Shipping through the Strait of Hormuz has begun to resume, but only under a cloud of mines, insurance caution and ad hoc coordination that is still keeping the corridor far below normal traffic levels. Roughly 500 ships and about 20,000 seafarers were reported stranded in Gulf waters during the closure, and operators are moving only after they can weigh the risks vessel by vessel.

Lloyd’s List Intelligence said dozens of ships have already started leaving the Persian Gulf in recent weeks, quietly coordinating with the U.S. Navy as they go. Even so, there is still no central traffic command for the transit, and shipping decisions remain with individual owners and masters, a sign that the reopening is functional but far from settled.

The biggest obstacle is the sea itself. Maritime security sources said mine-clearing around Hormuz could take 40 to 50 days, with conventional minesweepers and underwater drones needed before insurers, shipowners and oil companies are willing to treat the route as safe. A supertanker and its crude cargo are worth about $300 million, a price tag that helps explain why the industry is moving slowly rather than racing back into one of the world’s most exposed waterways.

AI-generated illustration
AI-generated illustration

The stakes extend well beyond the Gulf. The strait normally handles about 20% of the world’s daily oil and liquefied natural gas supply, which means even a partial reopening can jolt freight rates, delivery schedules and energy markets from Europe to Asia. The traffic separation scheme that guides ships through the waterway has been jointly operated by Muscat and Tehran since 1968, but industry groups say restoring that framework in practice now depends on mines being cleared and routing discipline being re-established.

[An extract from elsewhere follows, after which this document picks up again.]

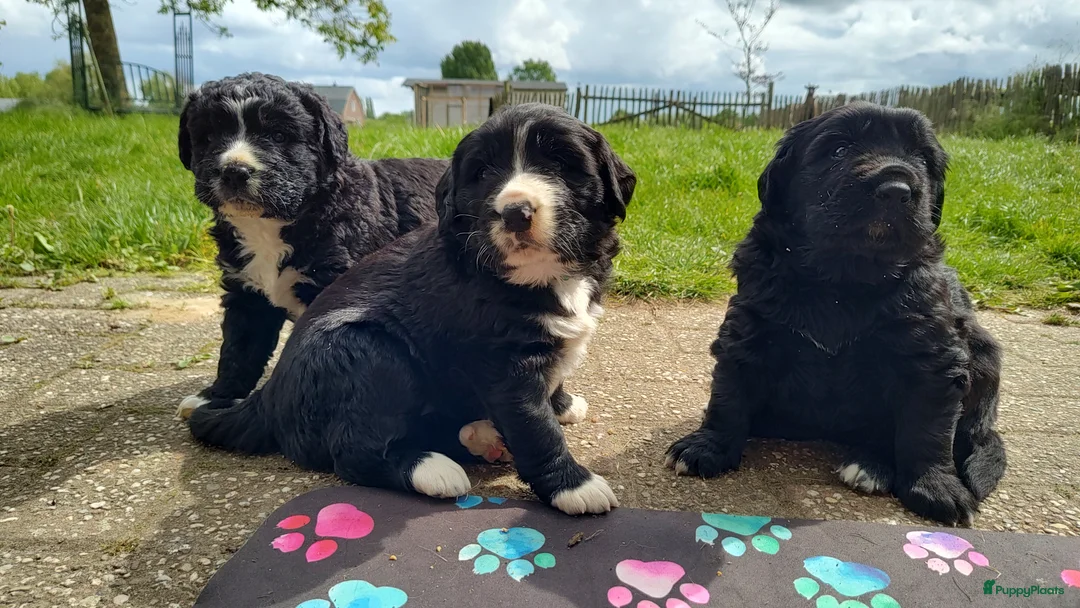 Kruising honden te koop: Mooie pups Berner kruising wetterhoun  - Advertentie 1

INTERTANKO urged the U.S. and Iranian administrations to make the strait free of mines and keep shipowners in a cautious mode. As Tim Wilkins put it, “We urge the US and Iranian administrations to collaborate in ensuring the Strait of Hormuz is free from the threat of mines...” Philip Belcher said ships should continue with ship-specific risk assessments. The International Maritime Organization said it was working to evacuate stranded seafarers and needed safety and security guarantees before a full reopening could proceed.

Strait of Hormuz — Wikimedia Commons
Ali khodabakhsh via Wikimedia Commons (CC BY 3.0)

The diplomatic backdrop remains unsettled. Reuters reported that Marco Rubio told senators on June 2 that Iran had mined large segments of Hormuz, and Germany’s navy later cited mine locations in four places around the strait, though it said those locations could not be verified by Germany. For now, the route is reopening only in pieces, and the bottleneck is shifting from war risk to the slower, costlier business of making commerce believe the water is safe again.